Vice Minister of Environment Zhang Lijun said to reduce China's polluting emissions was a daunting task and "the situation is not very good."

Sulfur dioxide emissions increased by 1.2 percent year-on-year in the first quarter of 2010, the first increase since 2007, he told a press conference.

The output of energy-consuming industrial products has increased quite fast this year, which is one of the reasons which caused the increase, he said.

"This sounded the alarm for our emissions reduction work and showed that the situation is not very optimistic," he said.

Zhang also attributed the emissions increase to the severe drought in southwest China early this year, slow development of some projects to cut pollutants and greenhouse gas emissions as well as weakening efforts of some local governments and enterprises.

"Major problems exist, such as relatively heavy pollution of surface water across China, pollution of coast waters, reoccurring acid rain in some regions, traffic noise pollution at night and a worsening environmental situation in rural areas," he said.

China and United States top the list of world's polluters accounting for 21.5 and 20.2 respectively of the global emissions total.

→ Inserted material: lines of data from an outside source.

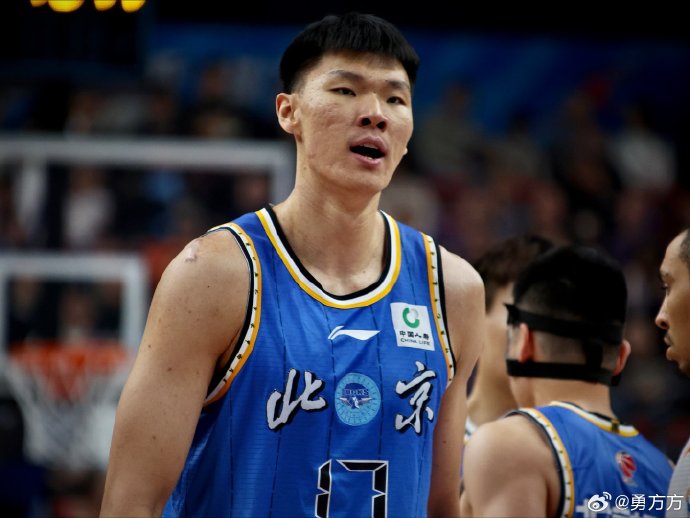 IM电竞官方投注平台-福建男篮北京男篮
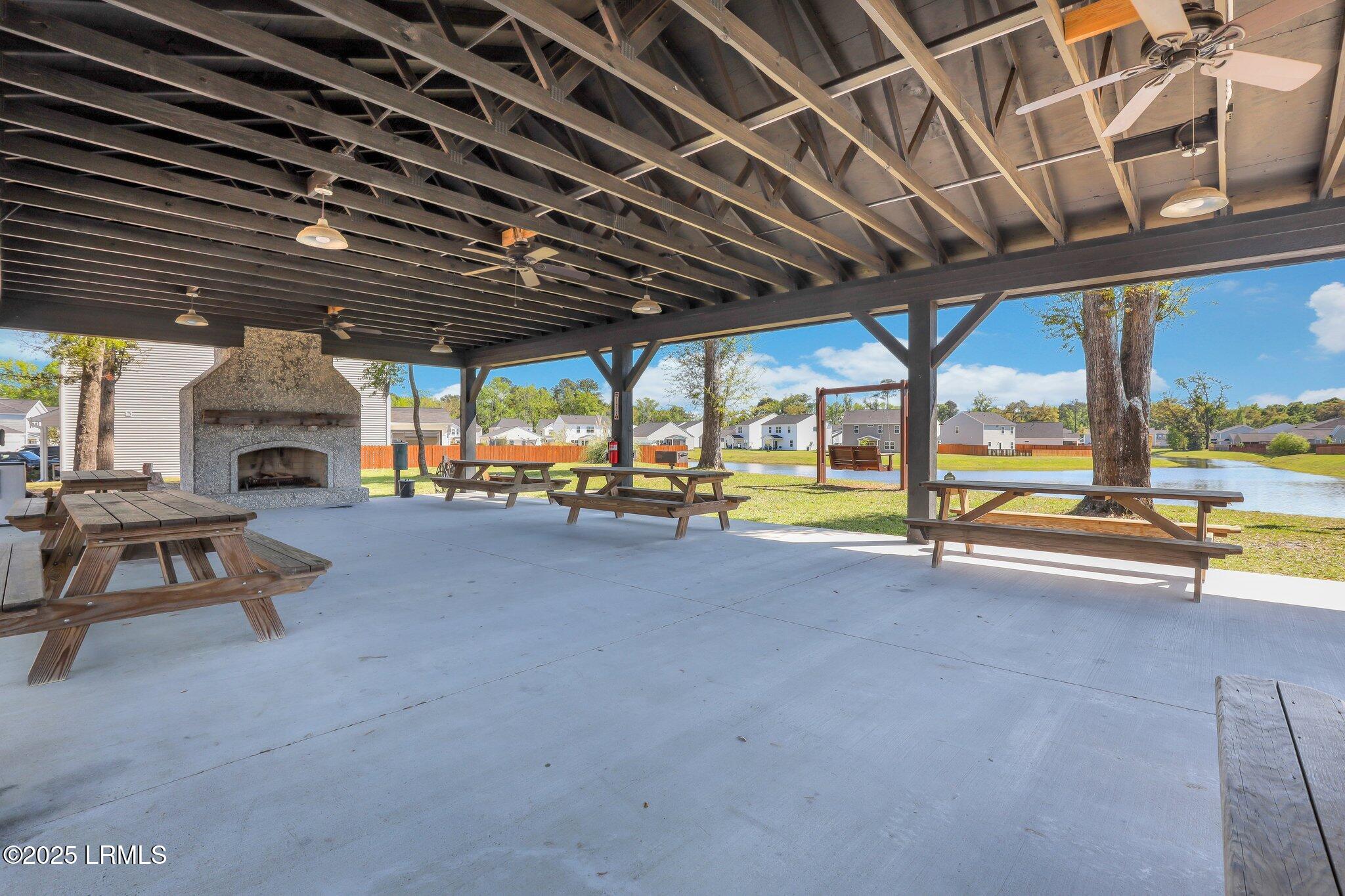 171 Great Bend Drive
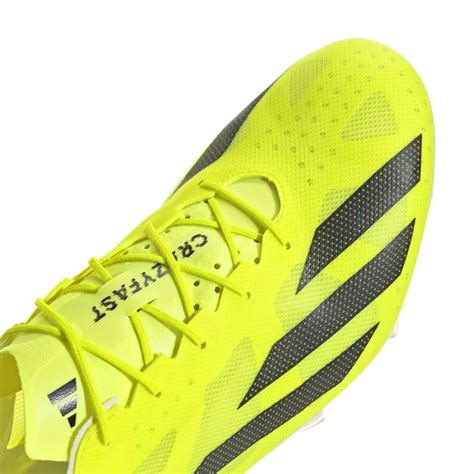 Chuteiras De Futebol Adidas X CRAZYFAST FG 11teamsports Pt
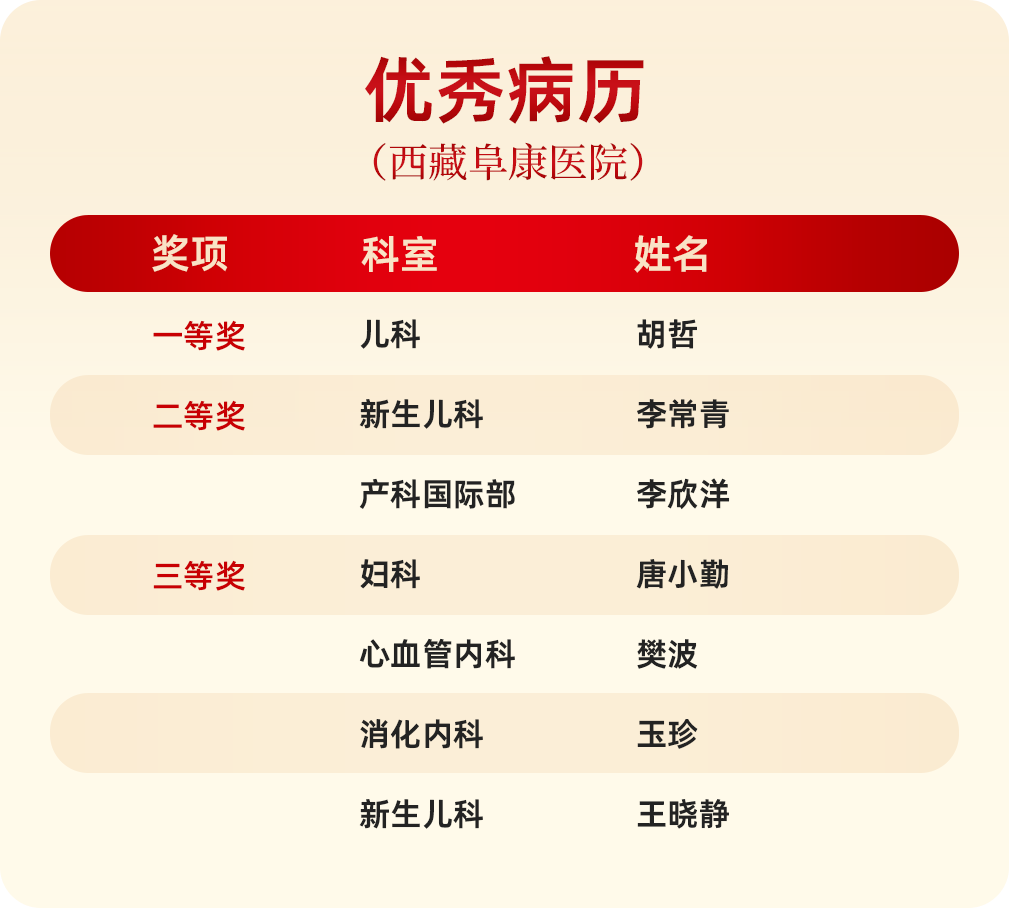 微信圖片_2025-08-28_111911_428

India figures fourth with 5.3 per cent.

China has set a target to reduce sulphur dioxide emissions and chemical oxygen demand (COD), two main indicators of air and water pollution, by 10 percent from 2006 to 2010.

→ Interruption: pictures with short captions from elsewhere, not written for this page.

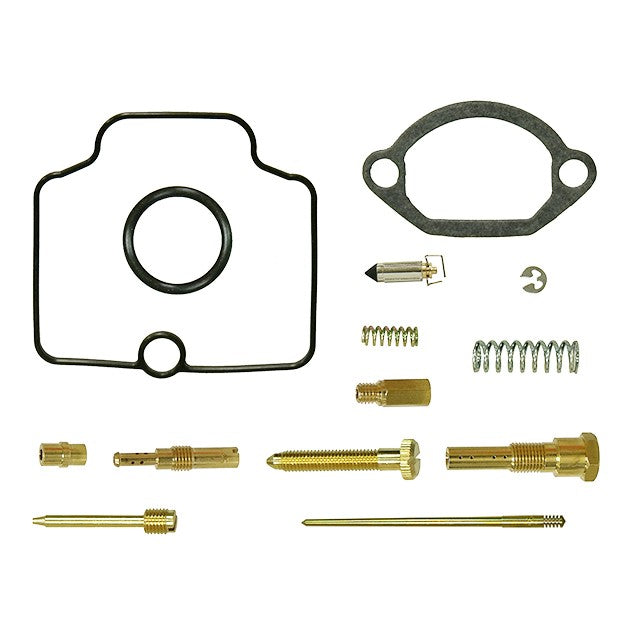 kit-de-reparacao-de-carburador-yamaha-yz-65-85-2006-2023-rp27706600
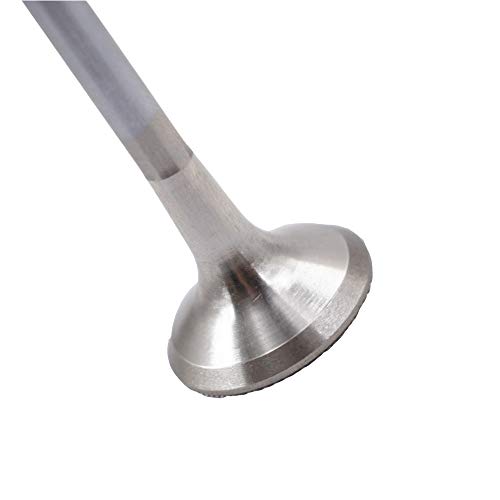 Labwork 16Pcs 6Mm Intake Air-Out Valves Replacement For Audi A4 A5 Vw Golf Gti Tiguan Passat 2.0T 06D109611T 06D109611H #TOP3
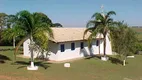 Foto 49 de Casa de Condomínio com 4 Quartos à venda, 420m² em Condomínio Capela do Barreiro, Itatiba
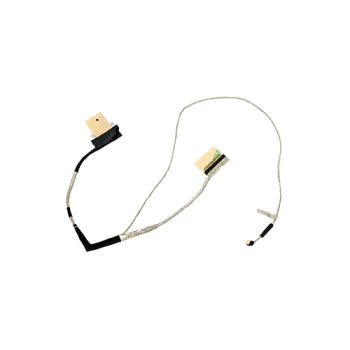 HP ekrāna kabelis 240, 246 G3, 14-R, 40pin (DC02001XI00)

The country's COD and sulphur dioxide emissions fell 9.66 percent and 13.14 percent last year compared to those in 2005, respectively.

The average sulfur dioxide concentration in the air over Chinese cities stood at 0.035 milligram per cubic meter last year, a reduction of 16.7 percent from 2005 and had not changed since 2008, Zhang said.

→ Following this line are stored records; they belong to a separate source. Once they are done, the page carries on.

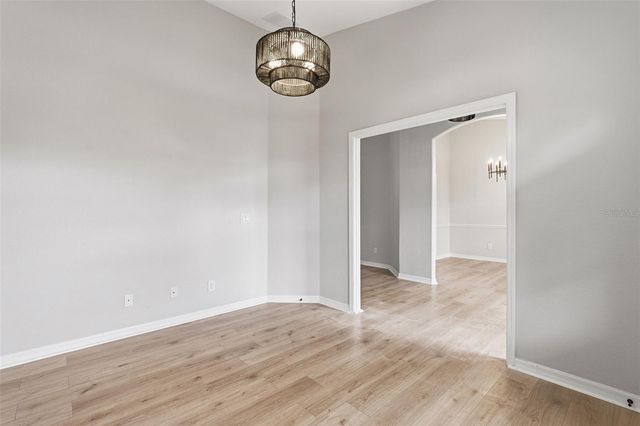 1431 TORINO STREET, North Port, FL 34287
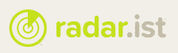 Radar.ist - New SaaS Software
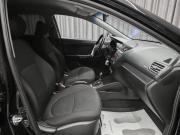 Kia Rio III Рестайлинг Красноярск  - изображение 35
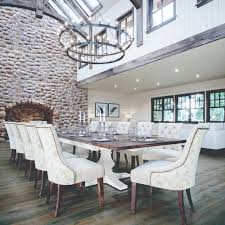 Shop a bevy of outlet, specialty and luxury options statewide. Braden S Furniture Braden S Lifestyle Furniture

Ahead of the Copenhagen summit last year, China announced that it will reduce the intensity of carbon dioxide emissions per unit of GDP by 40 to 45 per cent in 2020, compared with 2005 levels.

China had also promised to ensure renewable and nuclear energy accounts for 15 per cent of the country's total primary energy consumption by 2020 and has also committed to planting 40 million hectares of tree to increase the country's forest area.